• Exercise objective:
Find the line containing "43054 Middleby Plate,Blank 7.50 Lower Ps570". Retype it and every later line of the records exactly, leaving out pictures.

Captioned web image data:
————————
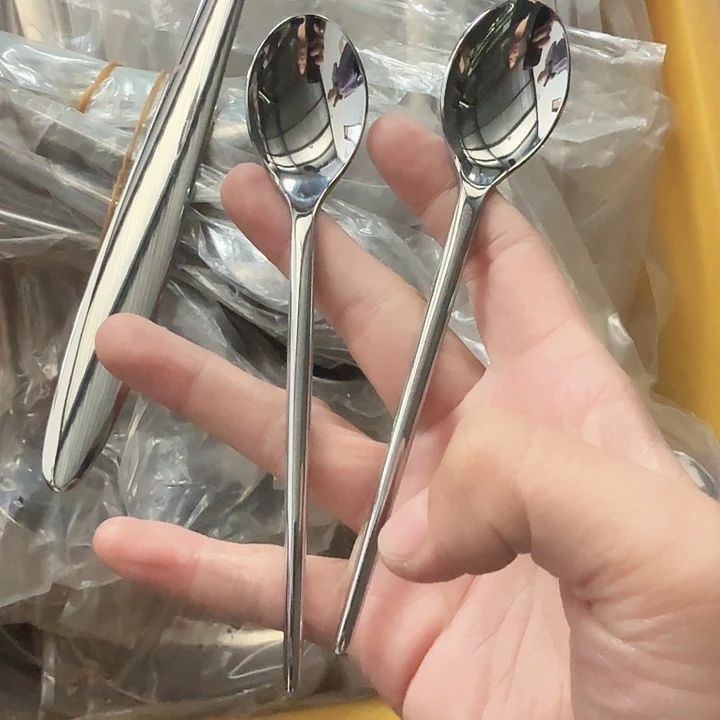 18-10不锈钢巴黎甜品俩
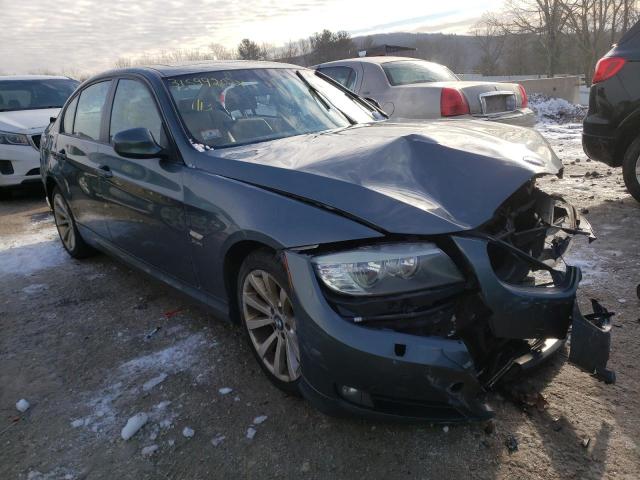 Bmw 328 xi (2011)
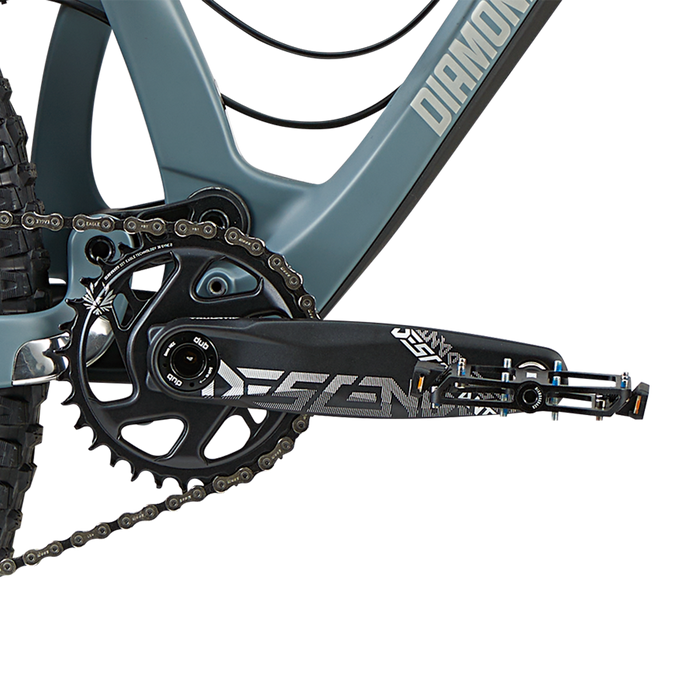 Diamondback Release 5C Carbon 27.5 Trail Bike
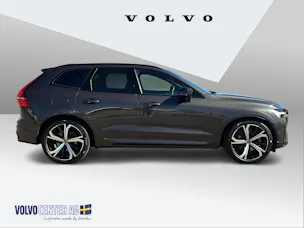 VOLVO XC60 2.0 T8 TE Ultimate Dark eAWD
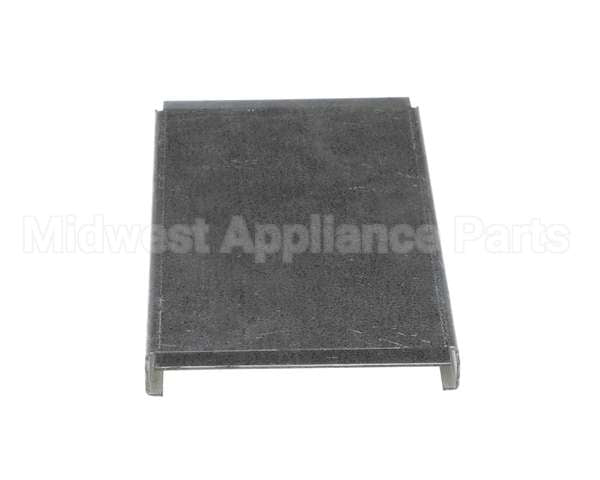 43054 Middleby Plate,Blank 7.50 Lower Ps570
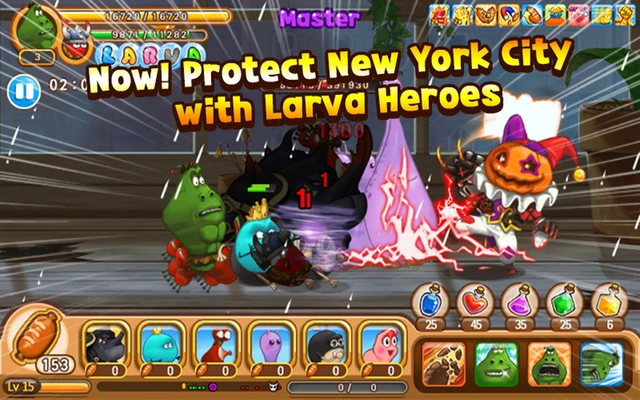 4 game mobile bựa bựa để vừa chơi vừa cười, những người có gu lạ chắc chắn thích - Ảnh 4.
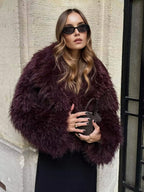 R&B | Elegante kurze Jacke für Damen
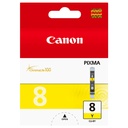 CLI-8Y yellow
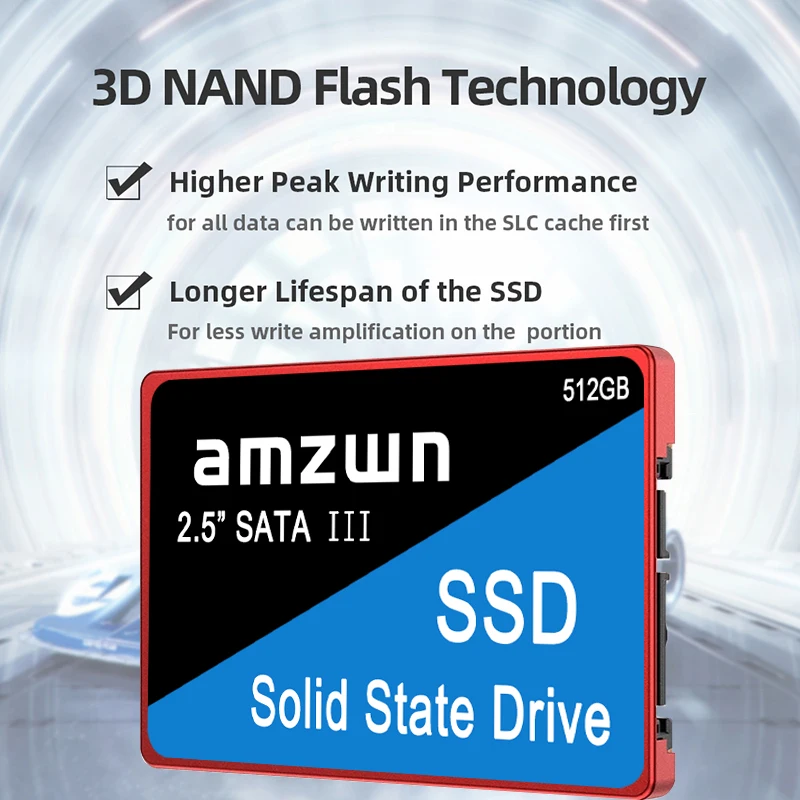 SATA3.1 SSD ϵ ̺  128GB 256GB 512gb 1 ׶Ʈ HDD 2.5 ϵ ũ 2.5 ܺ ָ Ʈ ̺ SATAIII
————————
• Response below:
 43054 Middleby Plate,Blank 7.50 Lower Ps570
 4 game mobile bựa bựa để vừa chơi vừa cười, những người có gu lạ chắc chắn thích - Ảnh 4.
 R&B | Elegante kurze Jacke für Damen
 CLI-8Y yellow
 SATA3.1 SSD ϵ ̺  128GB 256GB 512gb 1 ׶Ʈ HDD 2.5 ϵ ũ 2.5 ܺ ָ Ʈ ̺ SATAIII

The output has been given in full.